INSTRUCTIONS FOR THE TASK:
The pictures must be left out, while the rest of the data is copied exactly.

DATASET CONTENT:
▬▬▬▬▬▬▬▬▬▬
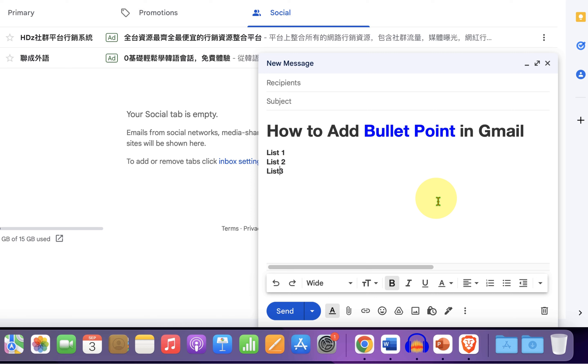And once done typing, select what you want to bullet point.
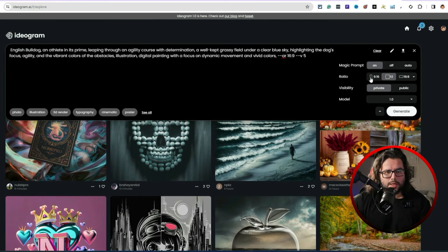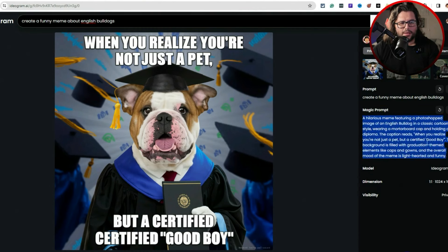Coming back to the prompt that generated for us — 'English bulldog, an athlete in its prime, going through an agility course with determination' — look what it created. The muscles on that dog are pretty cool. I have two English bulldogs myself, so that's why I keep creating content around them. The magic prompt was on and it revised everything for us, outputting a 1024×1024 image. If you want the magic prompt off you can do that, but it did a pretty good job.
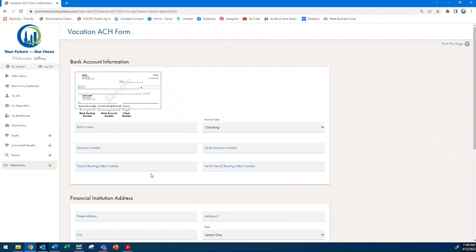The health fund will also assess a distribution fee for payment by check, so it's very important that you add in your bank account information to avoid having to pay that fee. If you are assessed a fee, it will be deducted from the vacation savings annual payout.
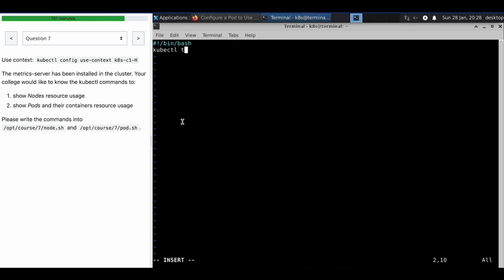kubectl top, the same thing, same commands. Hyphen hyphen containers equals true. By default it will be false. That's why you can see the pod resource uses.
▬▬▬▬▬▬▬▬▬▬
RESPONSE:
And once done typing, select what you want to bullet point.
Coming back to the prompt that generated for us — 'English bulldog, an athlete in its prime, going through an agility course with determination' — look what it created. The muscles on that dog are pretty cool. I have two English bulldogs myself, so that's why I keep creating content around them. The magic prompt was on and it revised everything for us, outputting a 1024×1024 image. If you want the magic prompt off you can do that, but it did a pretty good job.
The health fund will also assess a distribution fee for payment by check, so it's very important that you add in your bank account information to avoid having to pay that fee. If you are assessed a fee, it will be deducted from the vacation savings annual payout.
kubectl top, the same thing, same commands. Hyphen hyphen containers equals true. By default it will be false. That's why you can see the pod resource uses.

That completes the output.